Jeune fille en mal de mariage, si vous vient le désir de voir votre futur époux en songe, voici ce qu’il faut accomplir soigneusement, dans l’ordre exact.
Les neuf derniers jours de janvier matin et soir allez prier devant l’autel de votre église. Au premier du mois de février, confessez-vous, communiez, rentrez paisiblement chez vous. Mettez le couvert dans la chambre.
Veillez à ce que tout soit fait comme pour des noces secrètes. Que les verres soient de cristal, les assiettes de porcelaine, la nappe et les serviettes blanches, l’argenterie immaculée. Mais point de couteau sur la table, sous peine de malheur certain (n’oubliez pas ce détail-là, il est d’importance majeure).
Le repas, pour deux, se compose de vin pur et de pain bénit, rien d’autre sauf un brin de myrte et un rameau de romarin, côte à côte, sur un plat rond. Surtout qu’ils ne soient pas en croix, ils en perdraient leur bienfaisance. Quand tout est prêt ouvrez la porte, attablez-vous. Ne mangez rien. Attendez que le sommeil vienne.
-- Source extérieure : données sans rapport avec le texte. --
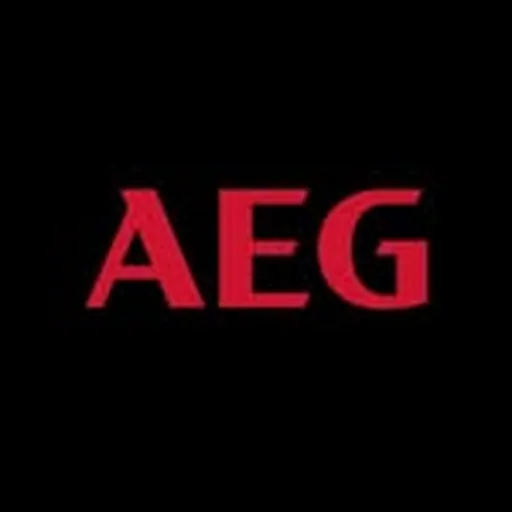 @aeg.uk profile image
Dès que vos paupières se ferment, un rêve admirable commence. Dans la chambre un visiteur entre. Il bouge comme dans un songe, à gestes silencieux et lents. Il vous aperçoit. Il s’approche et s’assied sur la chaise vide, sans un mot, en face de vous. Regardez-le, il est celui que vous aimez sans le connaître.
Il dort aussi et croit qu’il rêve à ce lieu inconnu de lui, à cette table, à ce couvert, à cette fille qui l’accueille. Vous le voyez pâle et craintif. Ce n’est pas là sa vraie nature. En vérité, votre magie l’a contraint de quitter son corps. Il est venu contre son gré, voilà pourquoi il est inquiet. L’important est que dans sa peine il ne trouve pas le couteau, car ce rêve étrange l’oppresse, et Dieu sait qu’un songe a tôt fait de basculer en cauchemar.
Offrez-lui le pain et le vin. Que vos mouvements soient aimables, gracieux, justes, sans brusquerie. Alors dans le cœur du jeune homme naîtra l’amour de vous.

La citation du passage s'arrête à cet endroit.